The IB mission of developing citizens who are compelled to “think globally and act locally” has served as the fabric of DFHS for the twenty years that we have been authorized as an IB World School. As the IB celebrated its 50th anniversary and shared many examples of service learning from around the world via the commemorative hashtag #GenerationIB, our school celebrated its 20th anniversary by focusing on how service learning has further promoted our mission of “IB for All” at #DFHSIB20.
Our students have always engaged in community service that has made a positive difference in our local community. It is well documented on our school Facebook page, Twitter, and of course this blog. A quick scroll on our Facebook page will provide many examples, including our recent Thanksgiving luncheon for senior citizens as well as volunteer efforts at our elementary school and other local organizations. This year, our focus has shifted to service learning and, more specifically, how to best leverage what is already a robust IB MYP/DP curriculum to inspire students to go out and make a difference in our local community.
I wrote a piece earlier this year on service learning at DFHS and noted the importance of using our curriculum to “inspire service” among our students. Recently, our ninth and tenth grade English classes took the lead on these efforts by engaging in true service learning that now serves as a model for future work that we are planning as part of #GenerationIB and #DFHSIB20. Our teachers share their stories below:
Grade 9: Oedipus Rex (@CastellanoD1)
As high school English teachers, we are often discussing the motivations of the characters who we study in literature.
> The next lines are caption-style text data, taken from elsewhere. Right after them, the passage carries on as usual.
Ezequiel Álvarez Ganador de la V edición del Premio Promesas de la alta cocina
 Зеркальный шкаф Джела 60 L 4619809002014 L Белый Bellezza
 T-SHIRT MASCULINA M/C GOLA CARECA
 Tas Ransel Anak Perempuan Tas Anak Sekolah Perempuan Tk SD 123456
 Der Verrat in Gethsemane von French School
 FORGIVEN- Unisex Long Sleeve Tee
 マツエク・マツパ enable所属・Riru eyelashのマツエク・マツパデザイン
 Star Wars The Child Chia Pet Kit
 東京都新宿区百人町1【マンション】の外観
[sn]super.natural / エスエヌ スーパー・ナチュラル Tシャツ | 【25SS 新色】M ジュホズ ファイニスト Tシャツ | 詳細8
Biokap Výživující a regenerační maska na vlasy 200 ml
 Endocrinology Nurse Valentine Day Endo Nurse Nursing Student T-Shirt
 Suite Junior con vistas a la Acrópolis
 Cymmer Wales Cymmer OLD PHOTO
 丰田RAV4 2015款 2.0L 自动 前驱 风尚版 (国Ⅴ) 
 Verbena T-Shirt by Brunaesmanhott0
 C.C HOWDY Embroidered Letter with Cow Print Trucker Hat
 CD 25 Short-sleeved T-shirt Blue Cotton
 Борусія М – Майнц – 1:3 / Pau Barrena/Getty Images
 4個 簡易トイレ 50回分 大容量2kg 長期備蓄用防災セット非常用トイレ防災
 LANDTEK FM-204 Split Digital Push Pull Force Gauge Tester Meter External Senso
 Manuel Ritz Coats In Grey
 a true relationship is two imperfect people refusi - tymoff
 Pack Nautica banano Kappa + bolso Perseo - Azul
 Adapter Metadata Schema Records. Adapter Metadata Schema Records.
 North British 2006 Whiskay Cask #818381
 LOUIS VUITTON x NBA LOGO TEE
Our students typically demonstrate empathy and sensitivity towards characters who struggle. This year, we decided to extend that empathy and sensitivity towards the Dobbs Ferry community.
We wanted the students to be involved with this service activity from start to finish, so we discussed our ideas with them from the very beginning. In addition, we wanted the process to organically connect to our curriculum, without feeling forced. Many themes found in literature document those who live in poverty or those who overcome adversity. Our goal was to tap into those themes while giving the students a tangible service opportunity that would allow them to give back to the community.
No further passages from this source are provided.